-- Task input --
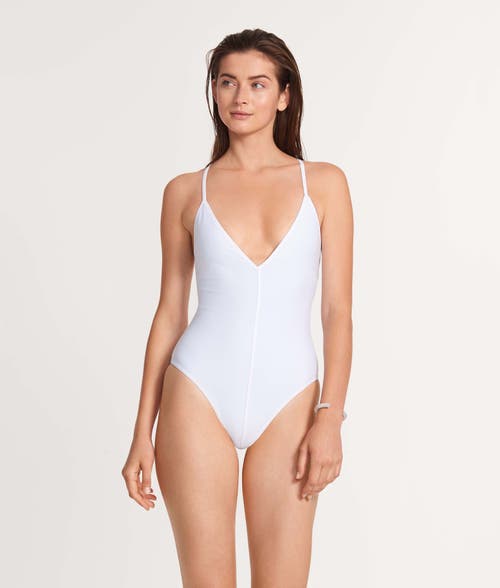 Ansea The Reversible Tie Back One Piece In Black/white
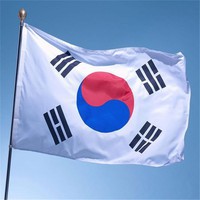 bendera negara korea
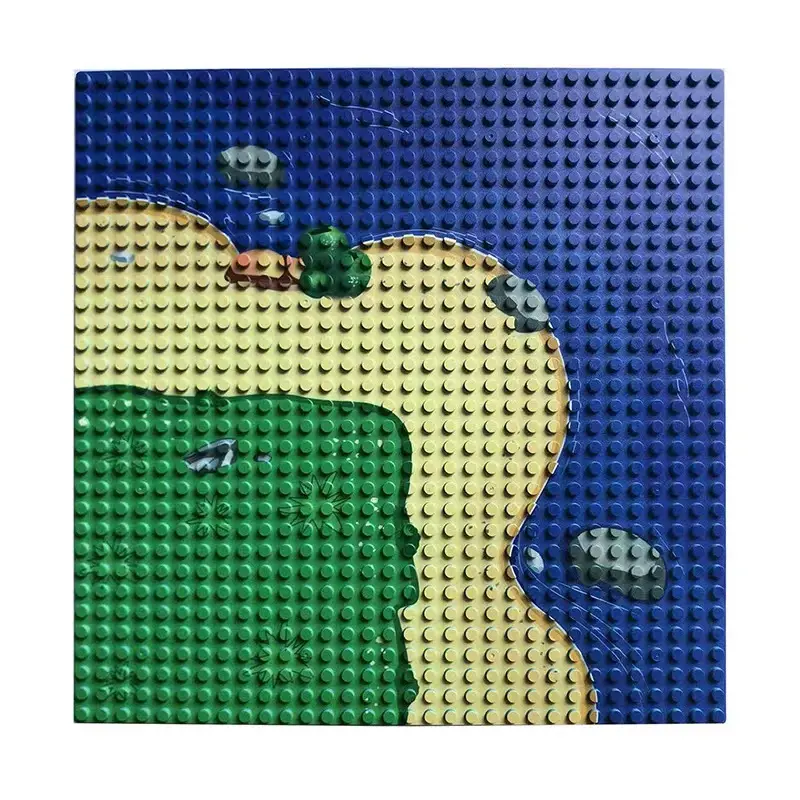 Amazon Kids Creative 32*32 Base Bricks Ocean River and Island Pattern Classic Building Plates Baseplates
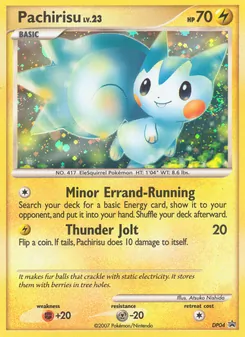 Pachirisu (DP Black Star Promos #DP04)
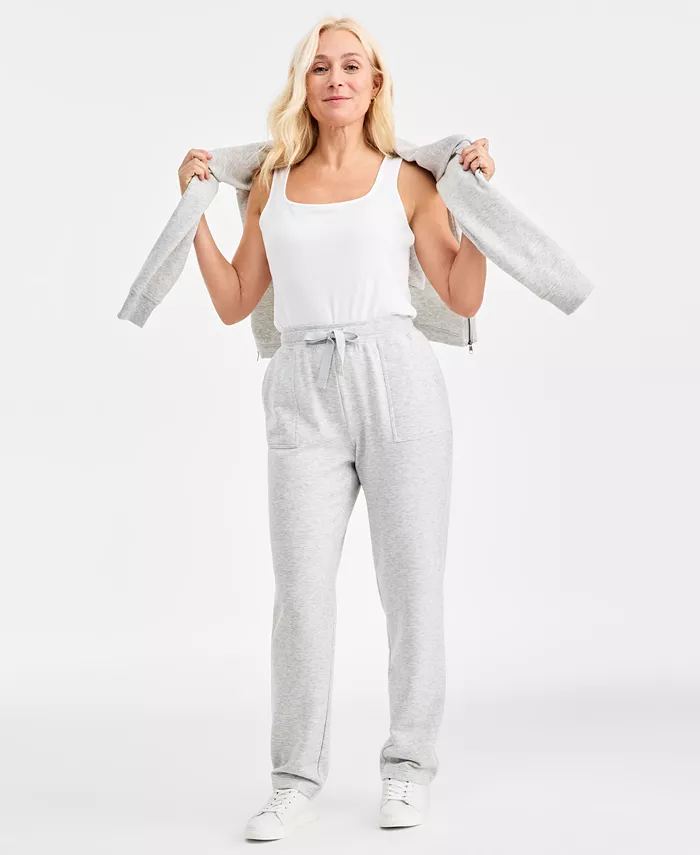Petite Luxsoft Fleece Pants - thumbnail 4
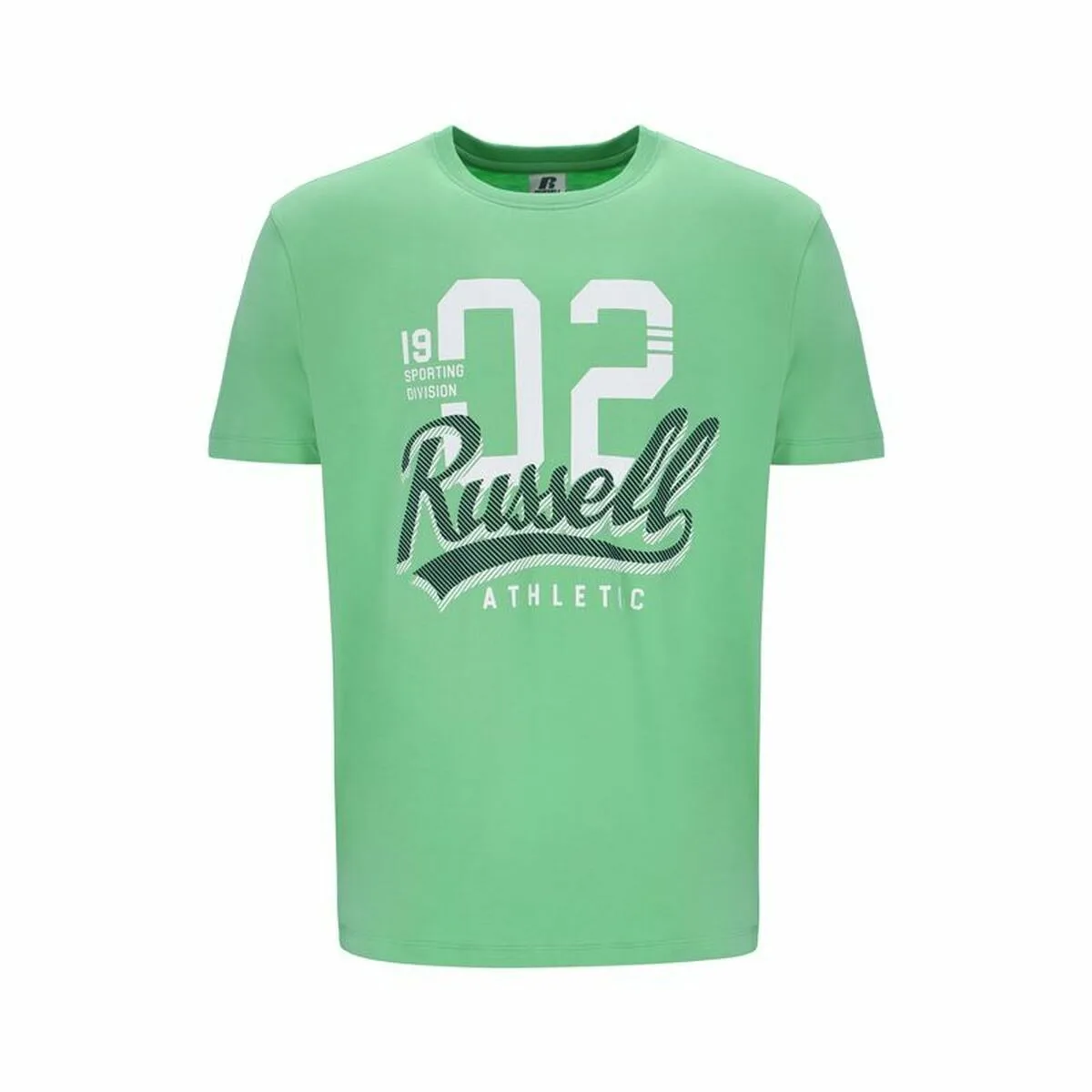 CAMISETA DE MANGA CORTA HOMBRE RUSSELL ATHLETIC AMT A30101 VERDE VERDE CLARO
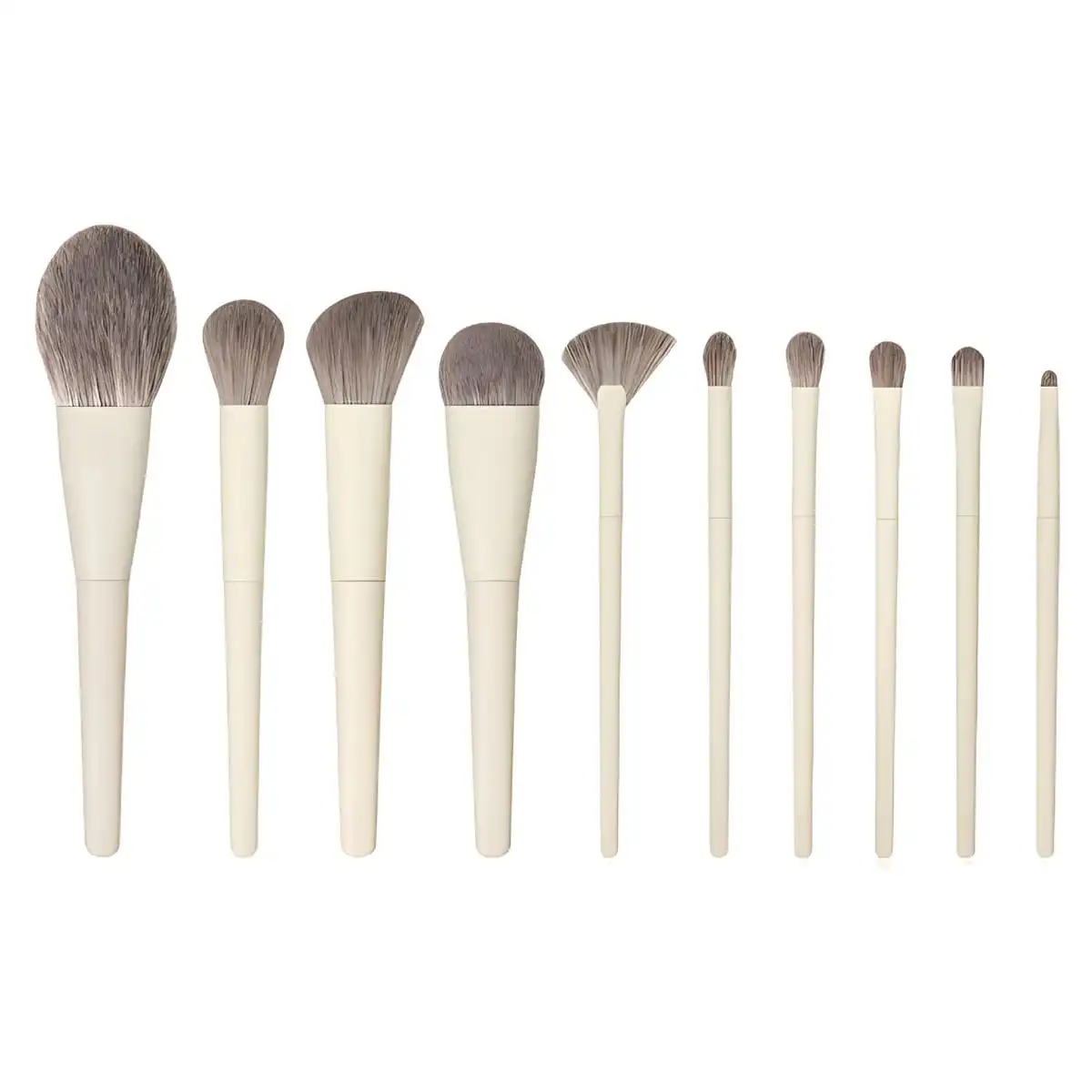 Milky Makeup Set de Brochas de Maquillaje Set de brochas Milky White - Technique Pro - Comparador de precios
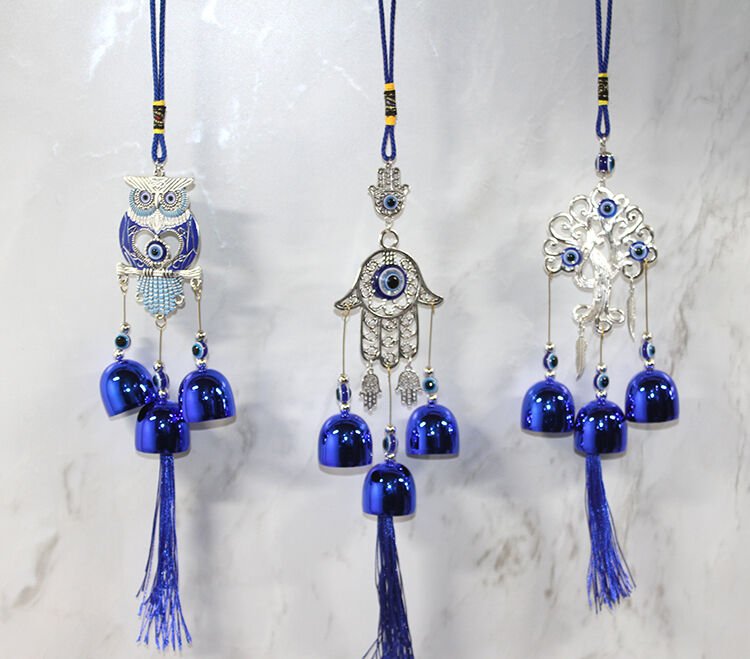 Metal Nazar Boncuğu Çan Model 6 Şık Tasarımlı Fonksiyonel Ürün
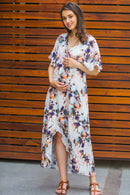 Watercolour Frost  Maternity & Nursing Layer Dress - MOMZJOY.COM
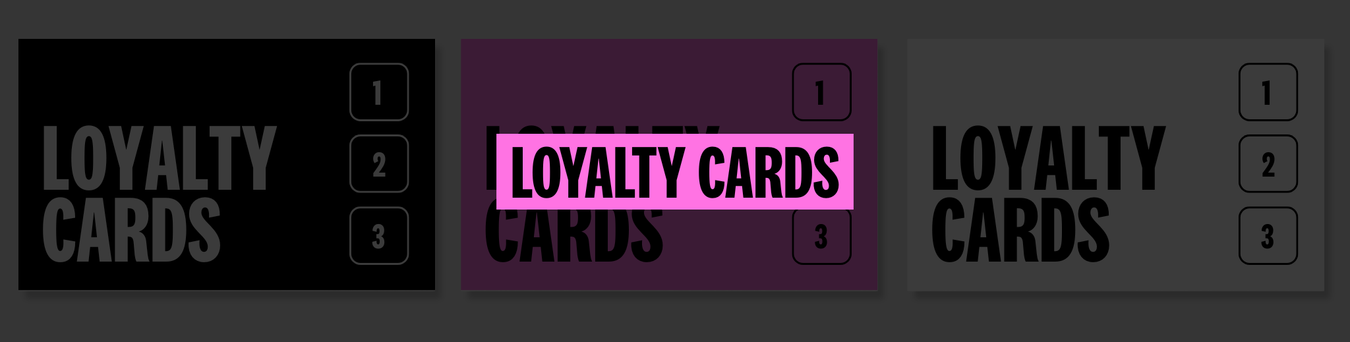 Loyalty Cards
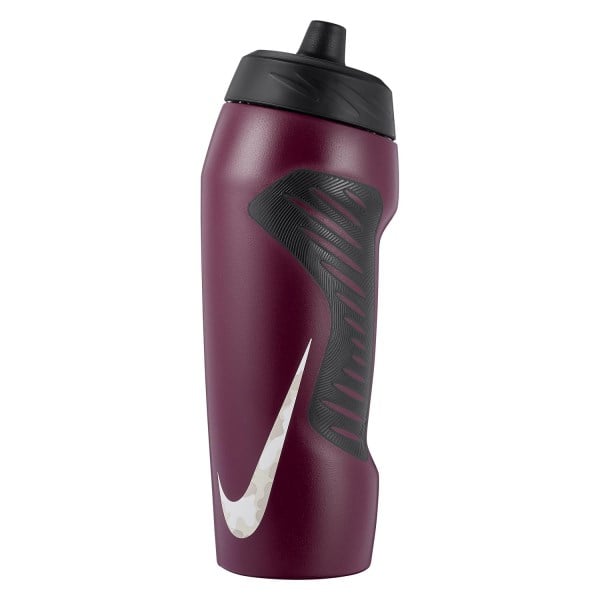 Nike Hyperfuel BPA Free Sport Water Bottle - 946ml - Dark Beetroot/Black/Black/Light Bone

-- Brief --
Retype all records exactly as shown above, images excluded.

-- Exercise response --
 Ansea The Reversible Tie Back One Piece In Black/white
 bendera negara korea
 Amazon Kids Creative 32*32 Base Bricks Ocean River and Island Pattern Classic Building Plates Baseplates
 Pachirisu (DP Black Star Promos #DP04)
Petite Luxsoft Fleece Pants - thumbnail 4
 CAMISETA DE MANGA CORTA HOMBRE RUSSELL ATHLETIC AMT A30101 VERDE VERDE CLARO
 Milky Makeup Set de Brochas de Maquillaje Set de brochas Milky White - Technique Pro - Comparador de precios
 Metal Nazar Boncuğu Çan Model 6 Şık Tasarımlı Fonksiyonel Ürün
 Watercolour Frost  Maternity & Nursing Layer Dress - MOMZJOY.COM
 Loyalty Cards
 Nike Hyperfuel BPA Free Sport Water Bottle - 946ml - Dark Beetroot/Black/Black/Light Bone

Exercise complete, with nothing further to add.